Cliff se enderezó en cuanto Amelia se levantó y se acercó a ella.
—En ese caso, podríamos hablar mientras montamos. —Miró a Julianna al tiempo que le ofrecía el brazo a Amelia para acompañarla hasta sus habitaciones—. ¿Nos acompañarás mañana, amor?
Julianna se levantó y antes de darle un beso en la mejilla a Amelia dijo:
—Por supuesto, creo que me vendrá bien montar un rato, además, quiero comprobar por mí misma que los pequeños realmente se han adaptado tan bien a sus caballitos como aseveráis todos con tanta rotundidad.
Amelia y Julianna se dieron las buenas noches y, al llegar a la puerta, Amelia se giró y dijo:
—No hace falta que me acompañes Cliff. —Se puso de puntillas, le besó la mejilla y se separó un poco—. Solo tengo que cruzar el pasillo. Buenas noches y gracias, eres el mejor hermano. —Le sonrió y cruzó la puerta cerrándola tras ella.
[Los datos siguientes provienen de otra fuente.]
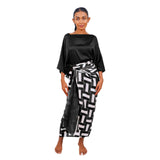 Sarong II Batik Bedeg Edition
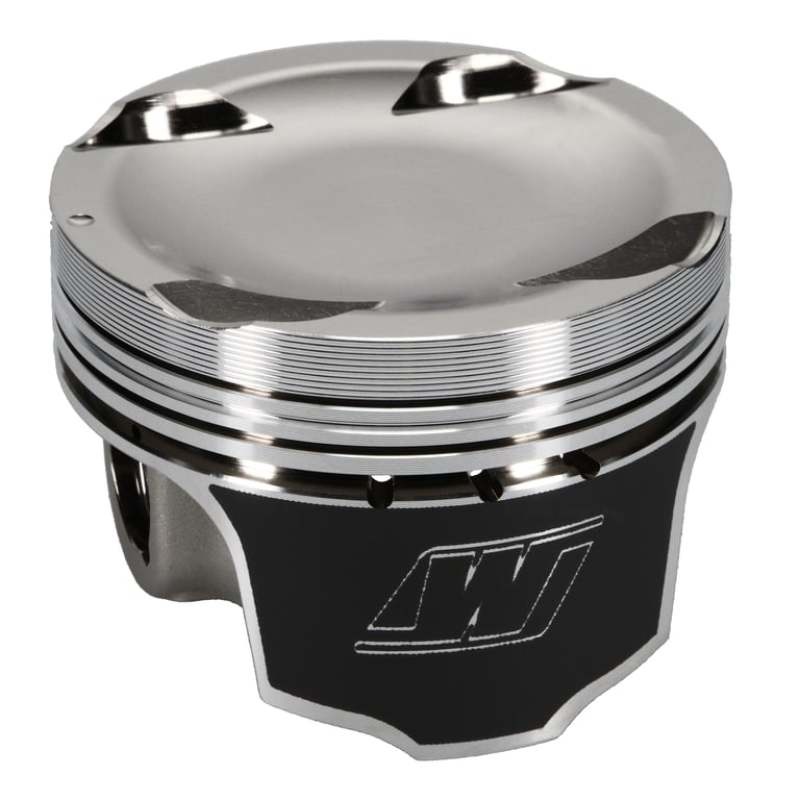 Wiseco 1400 HD Mitsubishi Evo 8 – 4G63 Turbo -14cc Piston Shelf Stock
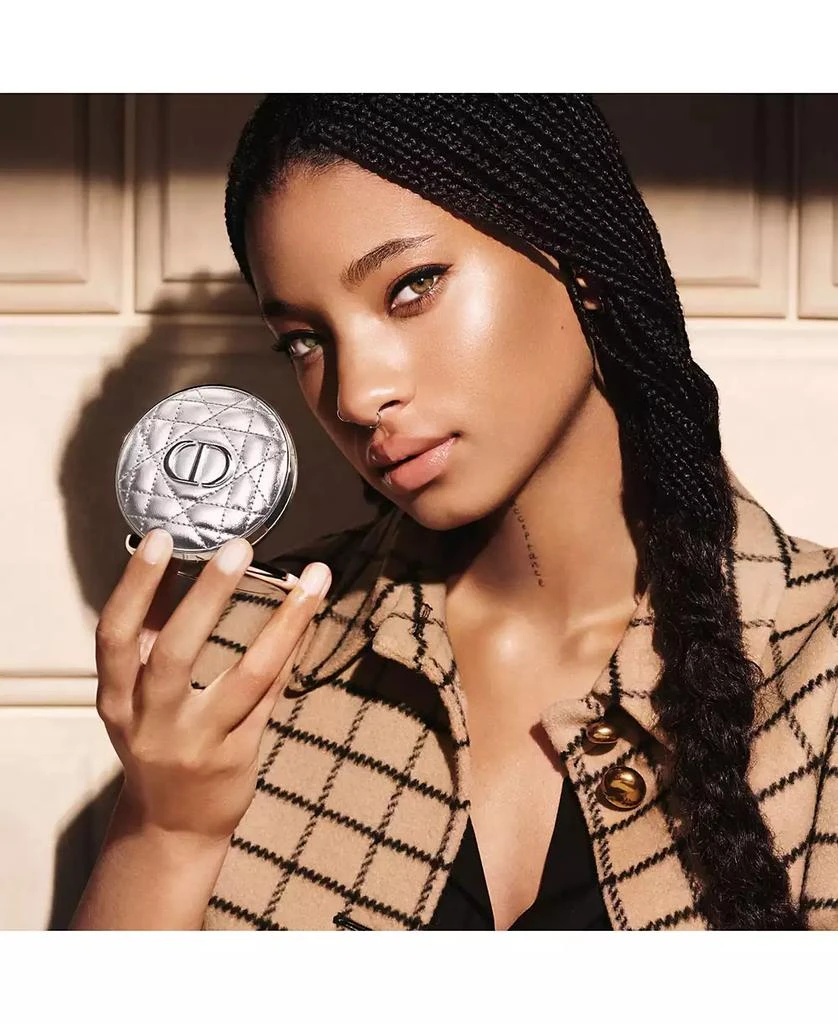 Dior Forever Glow Luminizer 9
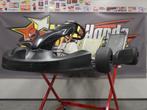 swissauto vt250 evo 1, Sport en Fitness, Karting, Ophalen, Gebruikt, Kart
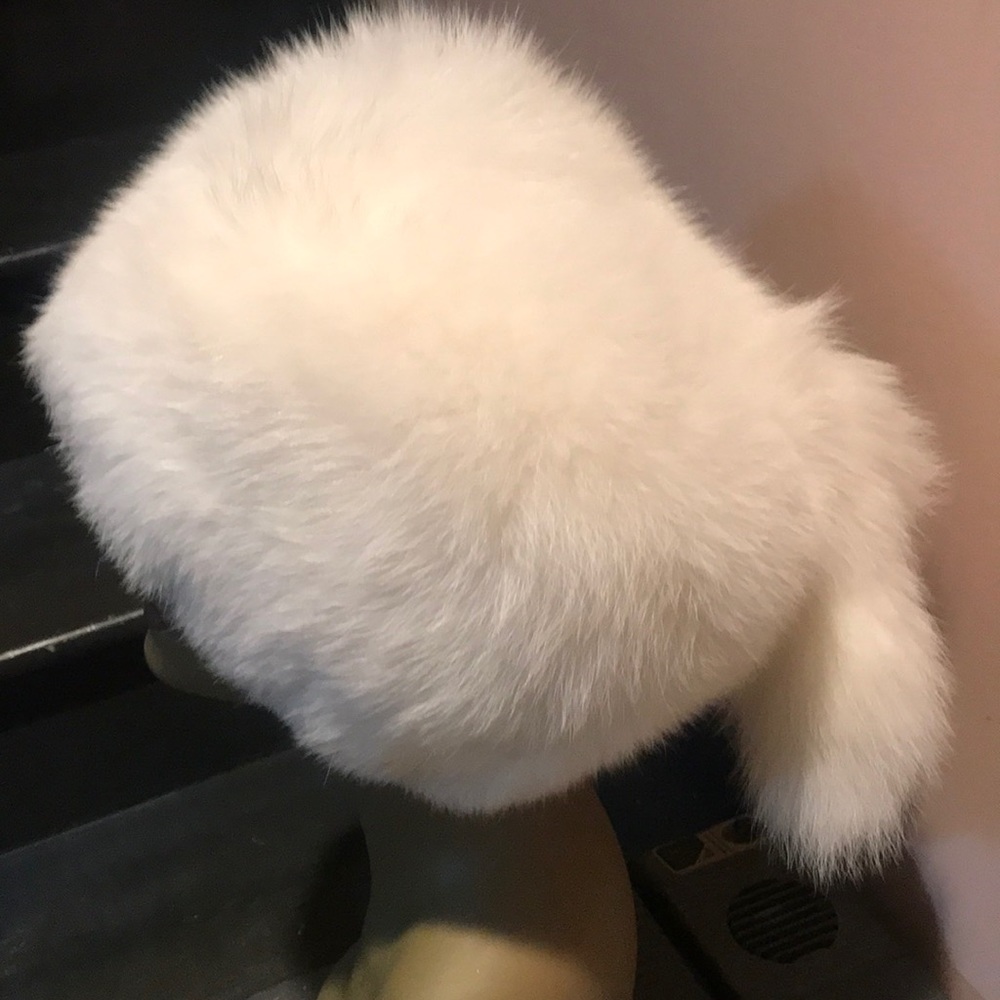 Fox Hat - Picture 3 of 4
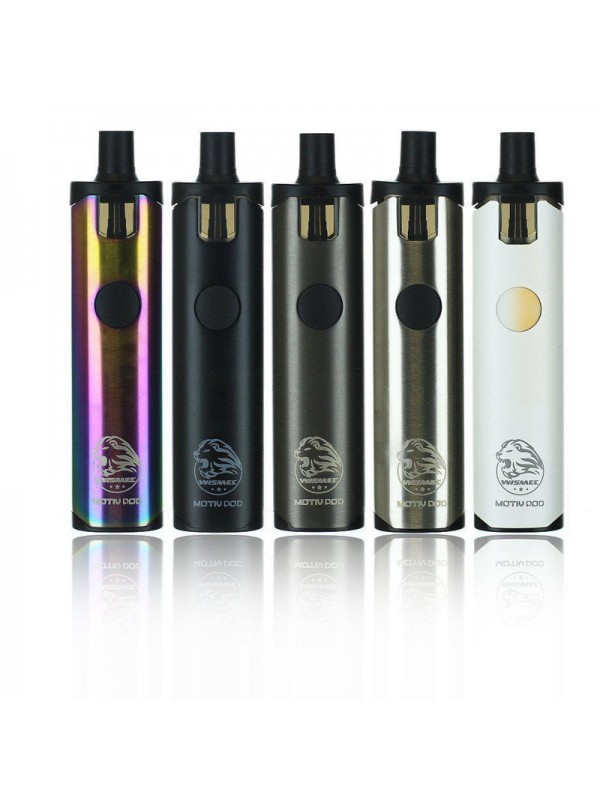 Wismec Motiv Pod Kit
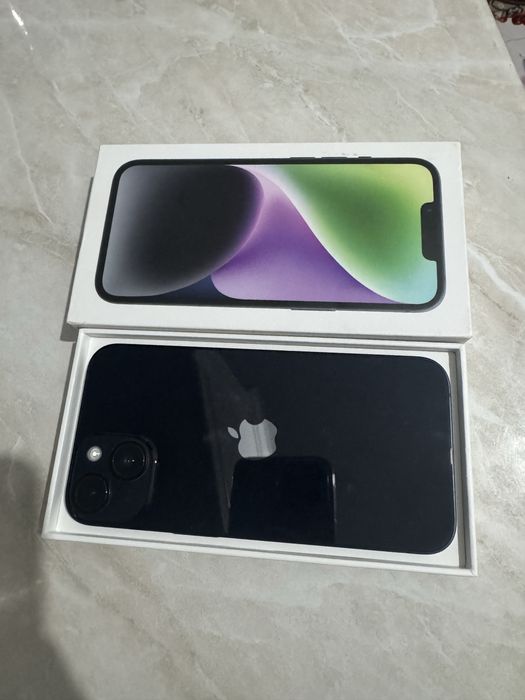 Iphone 14, ideal garantiya beriladi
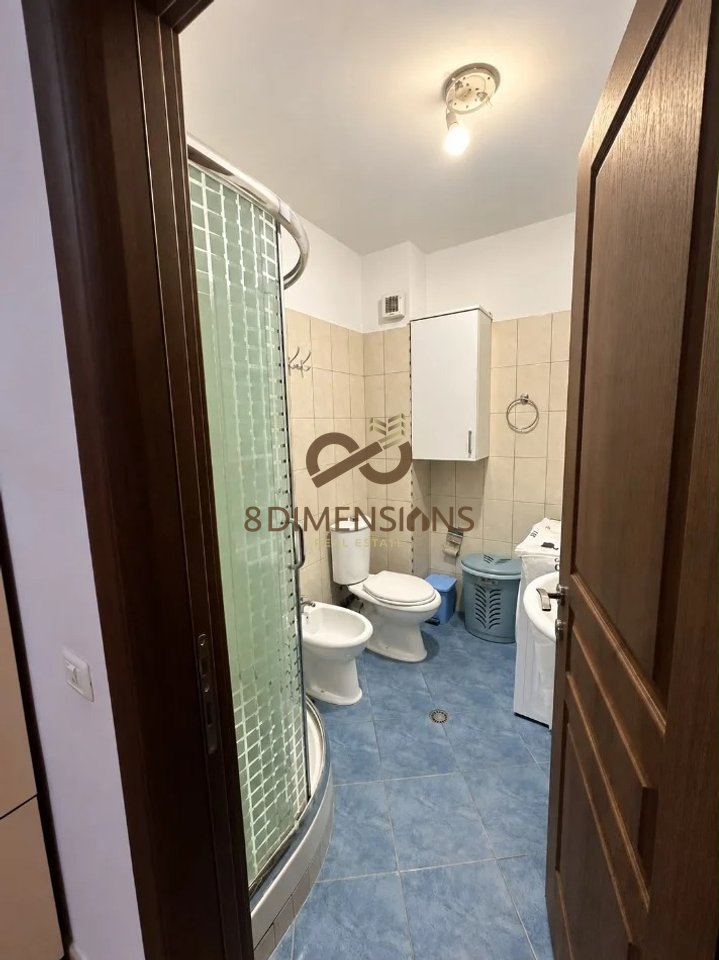 Apartament 1+1 Ne rrugen Idriz Dollaku     D8241A-308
Cliff se giró y comenzó a andar tras Julianna, que se disponía a abrir la puerta que comunicaba con su dormitorio. Nada más cruzarla Cliff ya la había alcanzado y la abrazaba por detrás, inclinándose para depositarle un beso detrás de la oreja.
—No llames a tu doncella —le susurró, y depositó otro beso al tiempo que Julianna apoyaba su cabeza en su hombro—. Yo te ayudaré a desvestirte. Creo que empezaré por esto —iba diciendo mientras le soltaba algunas de las horquillas del pelo haciendo que comenzase a caerle en cascada por la espalda—. Y después… —Bajó un poco del vestido, dejando al aire uno de sus hombros y depositándole un beso en la piel desnuda—. Por esto…
—Creo, creo… —susurró Julianna mientras se giraba dentro de los brazos de Cliff.
—¿Qué crees, amor? —decía con los labios sobre la piel desnuda del nacimiento de sus pechos.
Julianna jadeó.
—Umm… Lo he olvidado.
Cliff se rio suavemente sobre su piel e instantes después ambos olvidaron al resto del mundo.